• _TRY IT_
Pictures aside, reproduce exactly and only the lines below, starting at the one containing "Iintézm. Tev.ev. Támogatá s Kiaás össz." and ending at the last line.
Start of LISTED ENTRIES
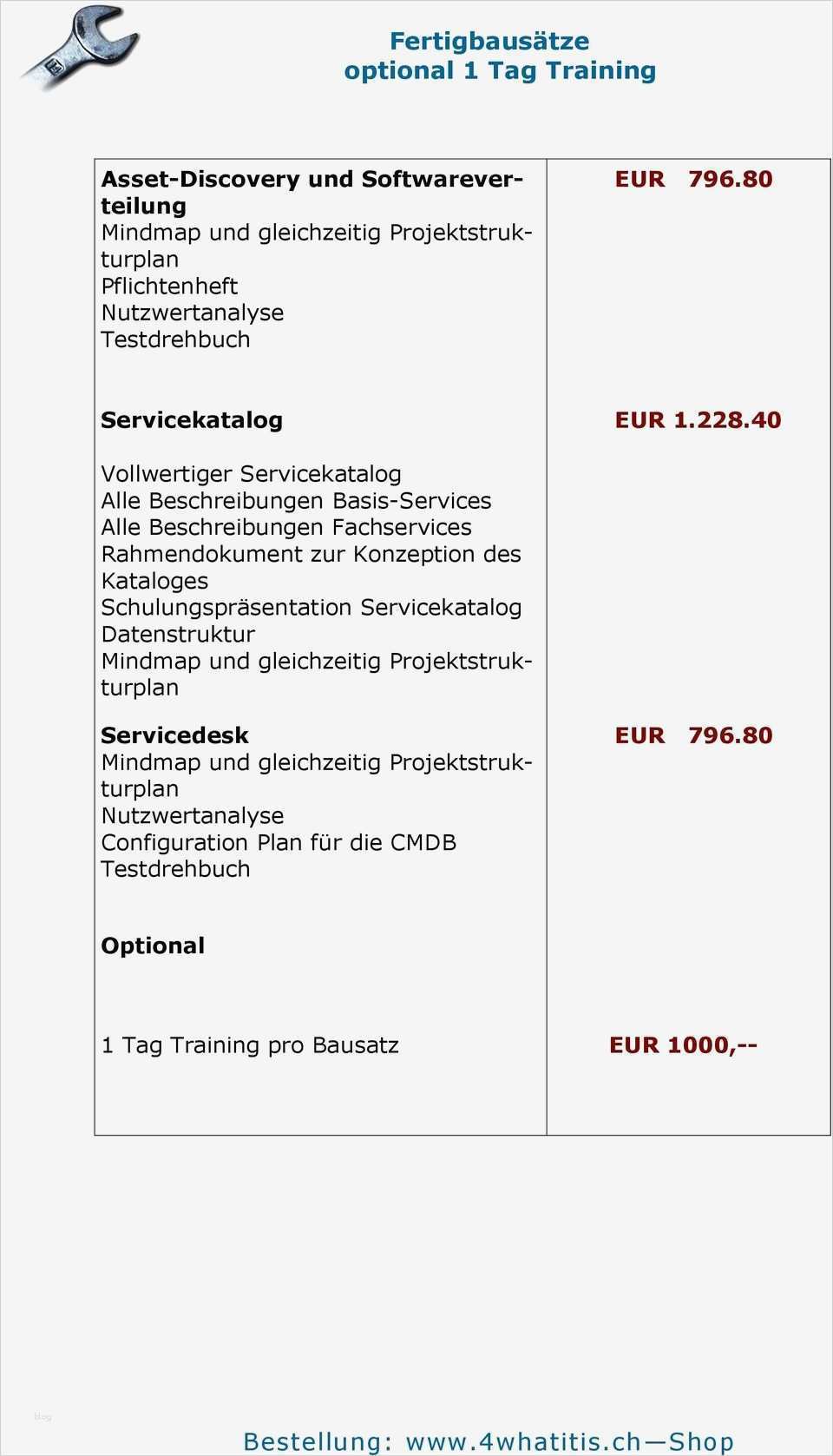 Betriebshandbuch Itil Vorlage Inspiration Prozesslandkarten Anforderungskataloge Pflichtenhefte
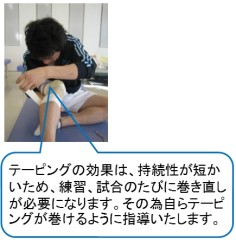 テーピング自主的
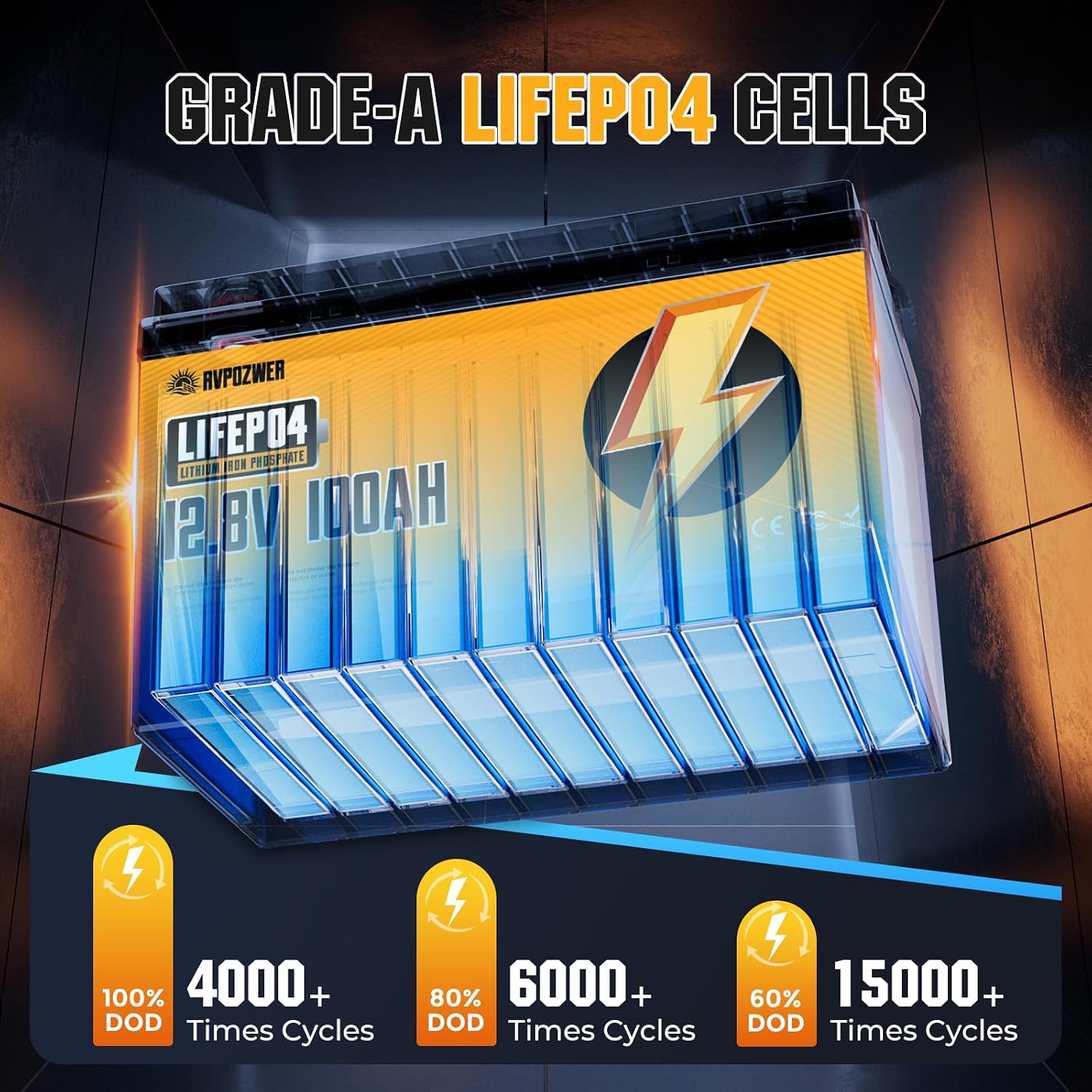 12V 100Ah LiFePO4 Battery 2 Pa - Lifepo4 Battery 12V 100Ah ulasan dan harga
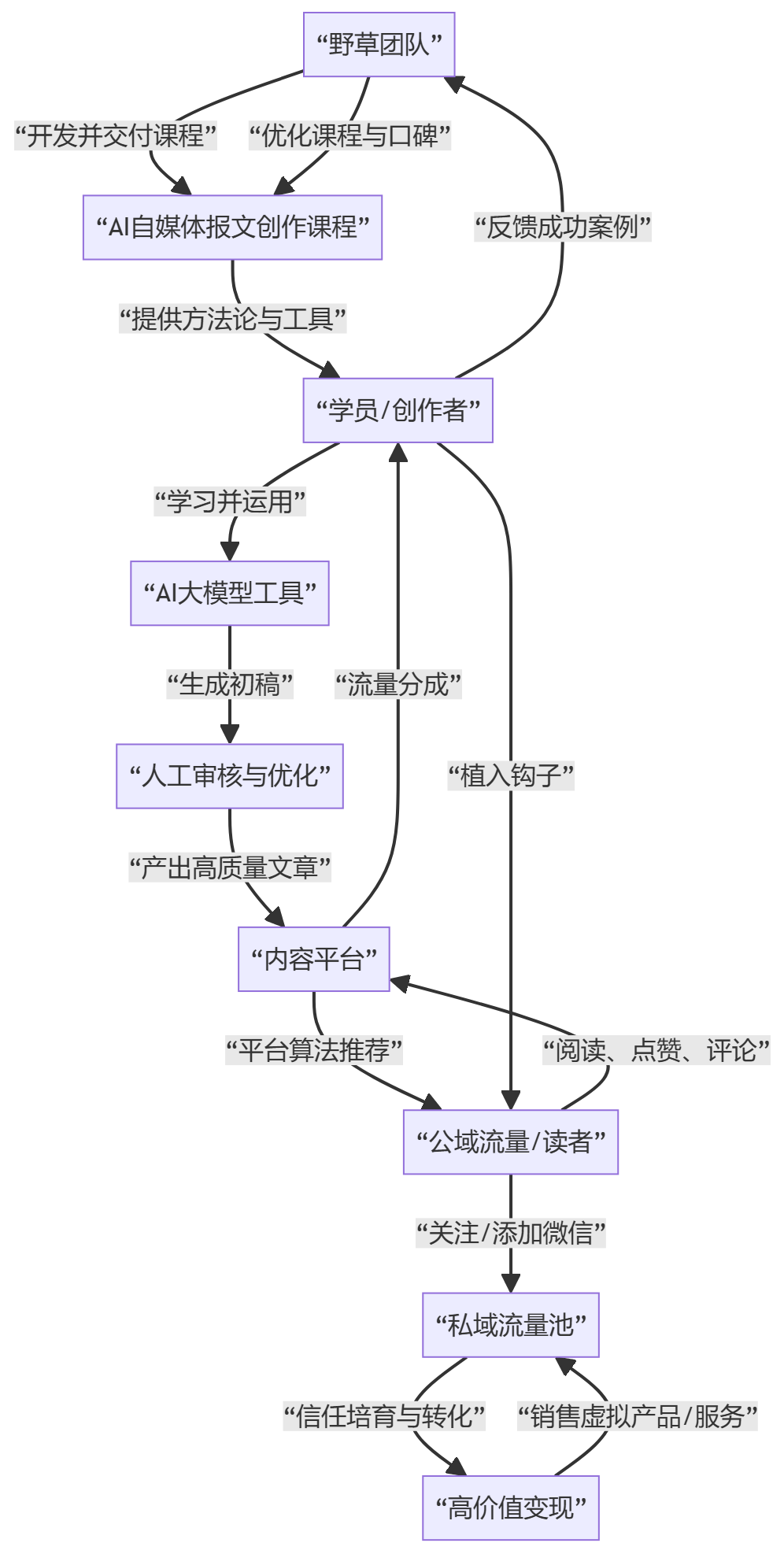 核心商业逻辑拆解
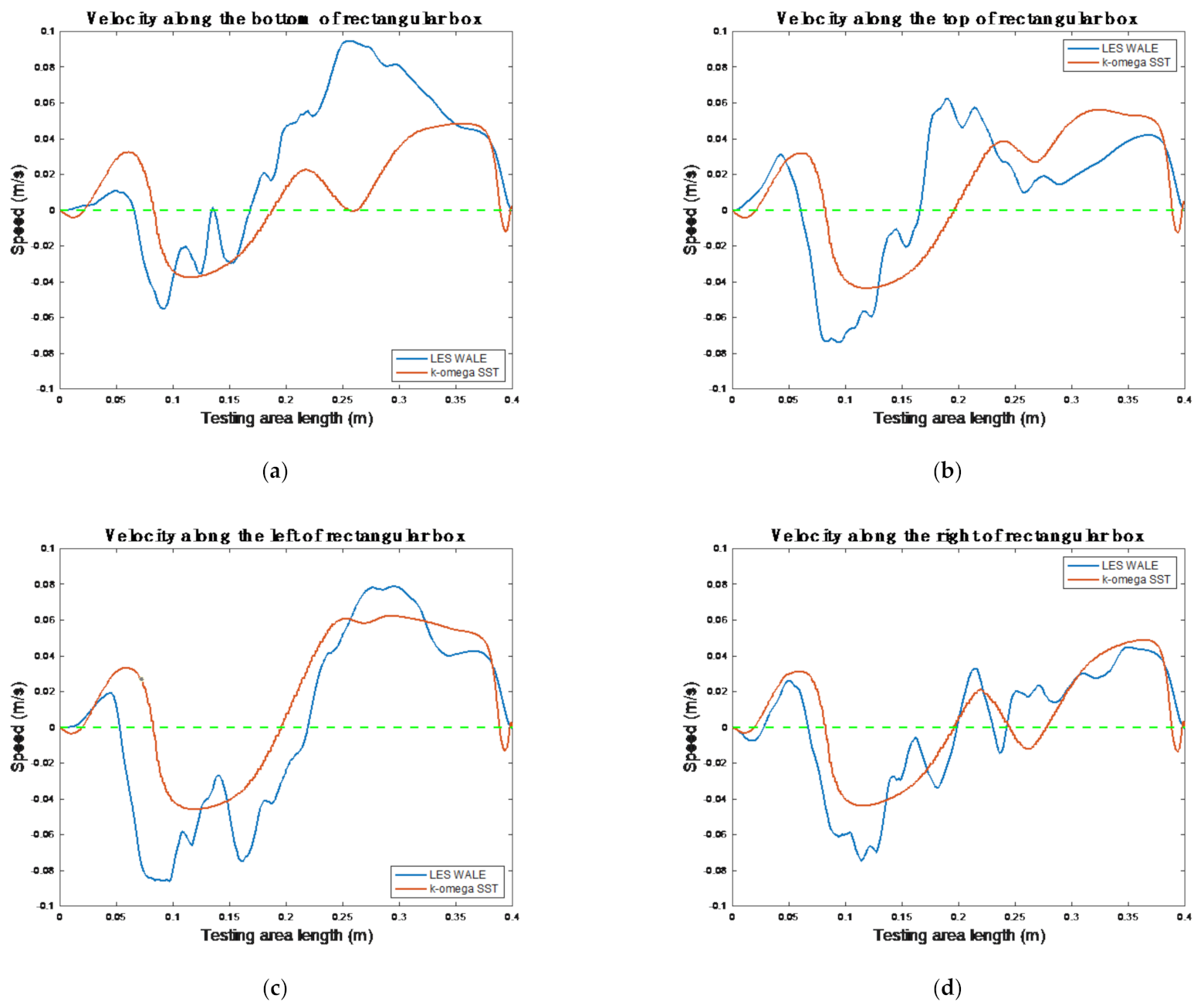 Symmetry 13 01555 g009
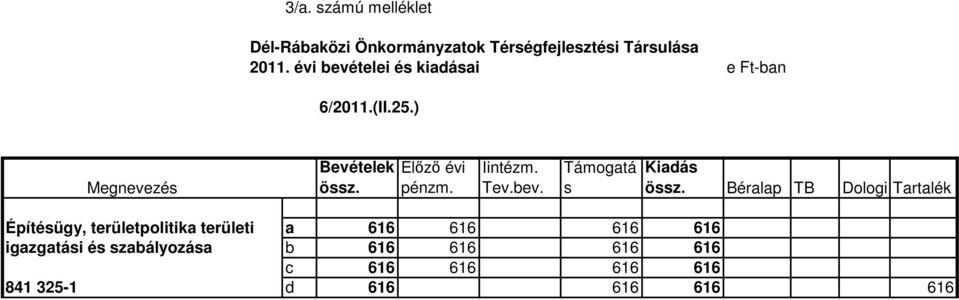 Iintézm. Tev.ev. Támogatá s Kiaás össz.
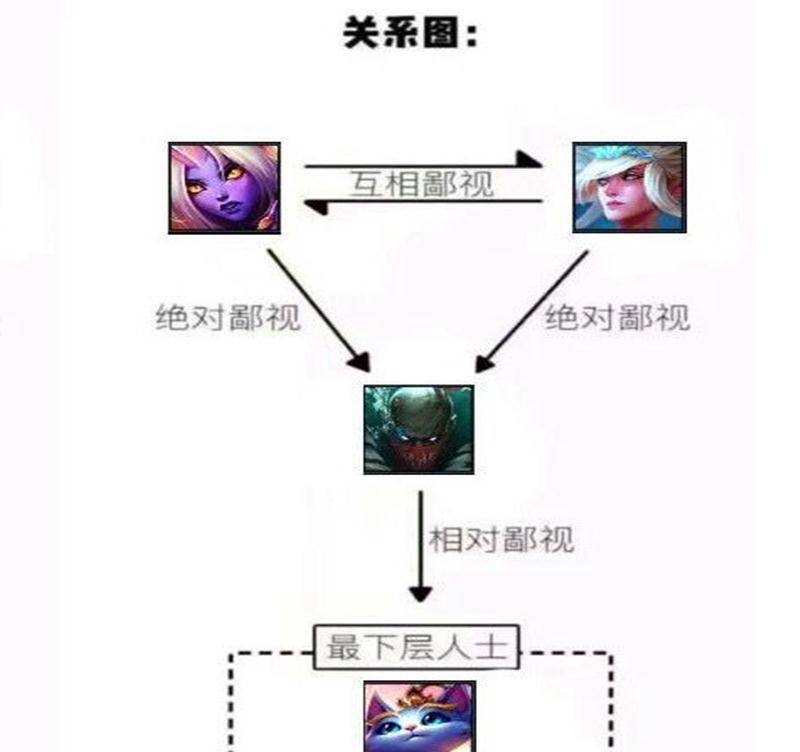 lol的鄙视链:互相鄙视,绝对鄙视,相对鄙视,最下层人士!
End of LISTED ENTRIES
• _SOLUTION TO THE PROBLEM_
 Iintézm. Tev.ev. Támogatá s Kiaás össz.
 lol的鄙视链:互相鄙视,绝对鄙视,相对鄙视,最下层人士!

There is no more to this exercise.